Reputation: 572
I am using the function numpy.random.choice for generating random samples at once. But I'd like all the samples to be different. Is somebody aware of a function doing this? Explicitly, I'd like to have this:
import numpy as np
a = np.random.choice(62, size=(1000000, 8))
assert( len(set([tuple(a[i]) for i in range(a.shape[0])])) == a.shape[0])
The values on the integers can be replaced. The only which is required is that all row entries to be different.
Upvotes: 0
Views: 1682
Reputation: 9796
First things first, if you have a numpy version >= 1.17 avoid using np.random.choice
for the recommended method:
rng = np.random.default_rng()
rng.choice
Each sample has 8 values and for max_value = 62
you have 62**8 unique samples. Wanting to get just 1 million of them means 99.8% of the time they will all be unique in one draw according to the birtday problem. In this case it suffices to generate the whole array and do a simple check.
samples = 1000000
while True:
a = np.random.choice(62, size=(samples, 8))

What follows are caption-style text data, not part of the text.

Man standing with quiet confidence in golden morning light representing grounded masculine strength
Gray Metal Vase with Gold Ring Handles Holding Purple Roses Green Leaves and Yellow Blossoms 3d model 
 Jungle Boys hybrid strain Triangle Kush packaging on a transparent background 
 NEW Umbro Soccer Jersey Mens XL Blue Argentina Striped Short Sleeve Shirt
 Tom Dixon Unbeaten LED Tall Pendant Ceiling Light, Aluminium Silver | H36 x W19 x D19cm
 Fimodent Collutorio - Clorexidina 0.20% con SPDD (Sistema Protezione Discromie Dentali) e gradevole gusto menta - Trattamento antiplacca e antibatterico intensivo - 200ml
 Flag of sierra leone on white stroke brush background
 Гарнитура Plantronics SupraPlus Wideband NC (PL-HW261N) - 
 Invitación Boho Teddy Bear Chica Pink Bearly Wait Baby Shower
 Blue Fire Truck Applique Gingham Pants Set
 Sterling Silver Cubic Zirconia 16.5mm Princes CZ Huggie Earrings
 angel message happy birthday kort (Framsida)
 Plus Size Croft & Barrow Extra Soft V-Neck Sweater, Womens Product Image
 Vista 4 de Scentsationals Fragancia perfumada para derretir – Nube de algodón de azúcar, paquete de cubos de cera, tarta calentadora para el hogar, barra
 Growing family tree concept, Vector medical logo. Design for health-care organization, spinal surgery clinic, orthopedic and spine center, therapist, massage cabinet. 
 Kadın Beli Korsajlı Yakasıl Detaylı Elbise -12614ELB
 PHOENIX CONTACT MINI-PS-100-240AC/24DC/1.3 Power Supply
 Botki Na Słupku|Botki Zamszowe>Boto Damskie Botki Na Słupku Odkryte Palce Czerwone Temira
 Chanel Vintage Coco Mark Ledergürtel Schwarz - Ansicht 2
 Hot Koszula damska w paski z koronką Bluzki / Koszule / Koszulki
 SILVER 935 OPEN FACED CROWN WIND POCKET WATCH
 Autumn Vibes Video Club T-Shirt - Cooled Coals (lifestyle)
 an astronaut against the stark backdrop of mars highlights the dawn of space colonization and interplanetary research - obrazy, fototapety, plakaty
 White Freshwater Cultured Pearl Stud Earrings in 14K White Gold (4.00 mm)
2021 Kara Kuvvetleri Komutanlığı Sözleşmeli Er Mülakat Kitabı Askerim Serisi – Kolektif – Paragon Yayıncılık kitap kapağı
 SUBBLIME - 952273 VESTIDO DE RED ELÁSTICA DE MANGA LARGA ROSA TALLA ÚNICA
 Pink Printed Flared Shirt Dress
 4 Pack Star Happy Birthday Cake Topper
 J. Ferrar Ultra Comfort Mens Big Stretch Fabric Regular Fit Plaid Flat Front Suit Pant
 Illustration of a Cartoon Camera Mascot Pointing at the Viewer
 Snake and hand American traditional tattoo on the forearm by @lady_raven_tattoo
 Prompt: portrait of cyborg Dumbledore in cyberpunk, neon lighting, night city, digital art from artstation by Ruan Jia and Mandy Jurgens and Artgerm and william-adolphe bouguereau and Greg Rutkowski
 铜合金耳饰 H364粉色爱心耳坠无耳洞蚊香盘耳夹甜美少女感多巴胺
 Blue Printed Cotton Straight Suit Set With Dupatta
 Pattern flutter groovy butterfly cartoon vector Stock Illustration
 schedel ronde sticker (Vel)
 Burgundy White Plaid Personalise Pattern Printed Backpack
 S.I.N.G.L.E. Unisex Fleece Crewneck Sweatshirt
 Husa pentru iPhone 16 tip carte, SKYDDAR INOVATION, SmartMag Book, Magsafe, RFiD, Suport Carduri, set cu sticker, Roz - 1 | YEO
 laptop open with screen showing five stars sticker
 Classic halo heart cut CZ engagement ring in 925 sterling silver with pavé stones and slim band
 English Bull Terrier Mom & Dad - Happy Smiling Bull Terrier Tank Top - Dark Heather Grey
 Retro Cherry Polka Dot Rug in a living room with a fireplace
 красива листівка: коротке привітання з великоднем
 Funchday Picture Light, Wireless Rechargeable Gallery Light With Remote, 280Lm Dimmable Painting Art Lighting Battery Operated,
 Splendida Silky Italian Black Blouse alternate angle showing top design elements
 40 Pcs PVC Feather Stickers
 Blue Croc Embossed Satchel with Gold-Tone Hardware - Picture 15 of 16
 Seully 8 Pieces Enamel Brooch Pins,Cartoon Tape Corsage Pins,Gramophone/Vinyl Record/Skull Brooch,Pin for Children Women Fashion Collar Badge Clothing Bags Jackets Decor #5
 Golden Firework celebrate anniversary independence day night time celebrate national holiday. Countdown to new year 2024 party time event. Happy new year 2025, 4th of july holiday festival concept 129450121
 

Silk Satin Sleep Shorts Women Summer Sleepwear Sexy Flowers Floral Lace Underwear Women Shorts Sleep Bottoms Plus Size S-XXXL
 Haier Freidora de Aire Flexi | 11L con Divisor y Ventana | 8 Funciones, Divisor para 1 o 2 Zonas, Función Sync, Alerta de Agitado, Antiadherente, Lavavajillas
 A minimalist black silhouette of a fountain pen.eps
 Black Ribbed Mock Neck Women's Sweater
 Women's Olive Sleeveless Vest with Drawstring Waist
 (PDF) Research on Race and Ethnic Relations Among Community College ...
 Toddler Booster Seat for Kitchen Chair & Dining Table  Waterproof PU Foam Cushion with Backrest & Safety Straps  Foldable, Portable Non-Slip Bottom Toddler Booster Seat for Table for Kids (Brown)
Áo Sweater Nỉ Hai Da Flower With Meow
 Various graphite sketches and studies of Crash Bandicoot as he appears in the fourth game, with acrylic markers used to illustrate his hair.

# Credit to Mark Dickinson, this is faster than doing
# `len(set(tuple(row) for row in a)) == samples`
if np.unique(a, axis=0).shape[0] == samples:
break
For lower values of max_value
(less than 30) you may generate duplicates with enough frequency/certainty that the above approach may become ineffecient or even an infinite loop. It is then better to generate the whole array, keep any unique samples in a set and generate however many more you require. Iterate this process until you have as many as you need.
seen = set()
a = []
while len(a) < samples:
draws = np.random.choice(62, size=(samples-len(a), 8))
for draw in draws:
if t := tuple(draw) not in seen:
seen.add(t)
a.append(draw)
a = np.array(a)
This assumes the number of samples you want to draw is much smaller than the tolar number of unique samples. If for example the total was 1001 samples and you wanted to draw 1000, this approach would quickly become inefficient.
Upvotes: 5